- Born: Anthony Morrison March 29, 1984 (age 42) Philadelphia, Pennsylvania, U.S.
- Other names: Cheesesteak
- Height: 5 ft 7 in (1.70 m)
- Weight: 145 lb (66 kg; 10.4 st)
- Division: Lightweight Featherweight
- Reach: 69.0
- Style: Boxing, Wrestling
- Stance: Orthodox
- Fighting out of: Philadelphia, Pennsylvania, U.S.
- Team: Daddis Fight Camps Team Combat
- Years active: 2004; 2006-2010, 2012-2013, 2015-2017

Mixed martial arts record
- Total: 33
- Wins: 20
- By knockout: 10
- By submission: 4
- By decision: 6
- Losses: 12
- By knockout: 4
- By submission: 7
- By decision: 1
- No contests: 1

Other information
- Mixed martial arts record from Sherdog

= Anthony Morrison =

American mixed martial arts fighter

Anthony Morrison (born March 29, 1984) is an American professional mixed martial artist. A professional since 2004, he has competed for Bellator and the WEC.

==Background==
Originally from North Philadelphia, Pennsylvania, Morrison began boxing at age 14 and competed in high school wrestling before deciding to compete in the MMA professionally.

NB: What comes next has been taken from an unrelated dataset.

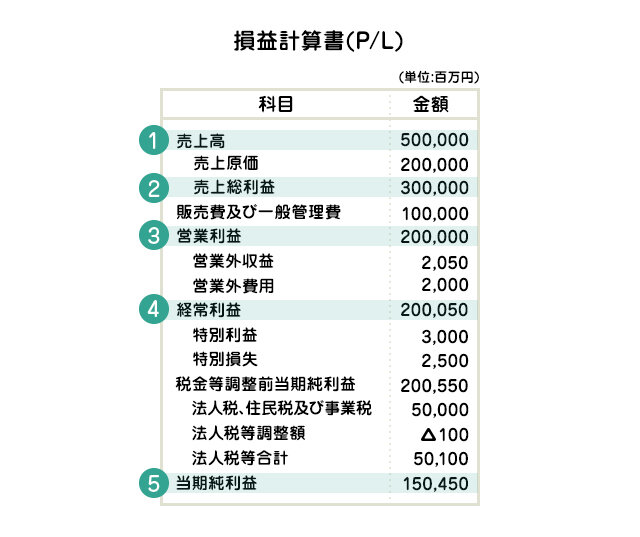 徹底解説!決算書の見方!の図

==Mixed martial arts career==
===Early career===
Morrison made his professional debut in 2004, and compiled a record of 16-8 before being signed by the WEC.

===World Extreme Cagefigthting===
Morrison made his promotional debut at WEC 46 against Mike Brown. He was defeated via first-round submission.

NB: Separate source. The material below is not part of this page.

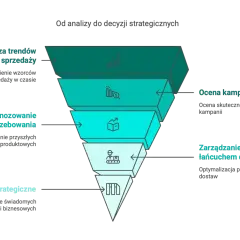 Diagram przedstawia proces od analizy danych z **baz danych** do podejmowania decyzji strategicznych, obejmując analizę trendów, prognozowanie, ocenę kampanii i zarządzanie łańcuchem dostaw.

He later returned at WEC 48 against Chad Mendes, losing via first-round submission.

===Post-WEC===
After picking up four wins in the regional circuit, Morrison faced Jared Gordon for the CCFC Featherweight Championship. He was defeated via first-round knockout.

Morrison last fought in 2017, losing via unanimous decision.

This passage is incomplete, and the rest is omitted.